(Beginning of Provided entries)
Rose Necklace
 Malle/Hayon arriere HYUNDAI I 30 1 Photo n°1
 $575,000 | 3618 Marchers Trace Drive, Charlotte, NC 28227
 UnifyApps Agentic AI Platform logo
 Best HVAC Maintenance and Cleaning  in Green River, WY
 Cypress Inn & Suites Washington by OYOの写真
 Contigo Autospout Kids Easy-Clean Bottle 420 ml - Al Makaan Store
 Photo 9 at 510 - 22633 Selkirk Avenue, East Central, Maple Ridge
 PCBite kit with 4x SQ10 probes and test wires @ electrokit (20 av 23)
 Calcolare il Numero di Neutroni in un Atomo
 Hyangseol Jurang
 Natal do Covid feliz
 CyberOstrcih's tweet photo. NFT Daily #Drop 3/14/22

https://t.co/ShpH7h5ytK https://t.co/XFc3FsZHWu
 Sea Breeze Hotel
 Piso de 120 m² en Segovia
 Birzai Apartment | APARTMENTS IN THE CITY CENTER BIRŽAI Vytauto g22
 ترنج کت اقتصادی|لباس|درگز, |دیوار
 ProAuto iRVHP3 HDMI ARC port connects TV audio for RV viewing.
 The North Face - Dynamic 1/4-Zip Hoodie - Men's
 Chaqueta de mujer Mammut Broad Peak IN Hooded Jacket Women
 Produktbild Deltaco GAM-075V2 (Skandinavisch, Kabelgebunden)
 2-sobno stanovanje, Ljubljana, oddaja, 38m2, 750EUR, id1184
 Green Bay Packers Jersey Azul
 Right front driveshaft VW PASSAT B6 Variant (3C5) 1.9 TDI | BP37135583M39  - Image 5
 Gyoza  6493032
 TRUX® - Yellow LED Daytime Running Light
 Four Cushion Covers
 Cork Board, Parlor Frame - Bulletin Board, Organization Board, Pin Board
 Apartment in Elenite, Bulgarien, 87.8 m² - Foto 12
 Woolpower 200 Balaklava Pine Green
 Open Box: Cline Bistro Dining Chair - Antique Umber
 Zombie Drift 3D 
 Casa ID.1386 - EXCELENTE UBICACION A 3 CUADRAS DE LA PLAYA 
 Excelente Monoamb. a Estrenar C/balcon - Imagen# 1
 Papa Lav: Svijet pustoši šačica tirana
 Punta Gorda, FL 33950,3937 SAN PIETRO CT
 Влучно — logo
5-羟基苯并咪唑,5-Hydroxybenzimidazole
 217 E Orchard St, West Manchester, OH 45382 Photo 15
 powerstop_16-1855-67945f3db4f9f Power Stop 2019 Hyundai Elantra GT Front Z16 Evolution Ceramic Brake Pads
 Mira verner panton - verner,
(End of Provided entries)
* _Exercise brief_
Copy the stretch of the records above that runs from the line with "Cypress Inn & Suites Washington by OYOの写真" through the line with "Piso de 120 m² en Segovia". Both end lines belong in the copy, and nothing else does.

* _Your solution_
 Cypress Inn & Suites Washington by OYOの写真
 Contigo Autospout Kids Easy-Clean Bottle 420 ml - Al Makaan Store
 Photo 9 at 510 - 22633 Selkirk Avenue, East Central, Maple Ridge
 PCBite kit with 4x SQ10 probes and test wires @ electrokit (20 av 23)
 Calcolare il Numero di Neutroni in un Atomo
 Hyangseol Jurang
 Natal do Covid feliz
 CyberOstrcih's tweet photo. NFT Daily #Drop 3/14/22

https://t.co/ShpH7h5ytK https://t.co/XFc3FsZHWu
 Sea Breeze Hotel
 Piso de 120 m² en Segovia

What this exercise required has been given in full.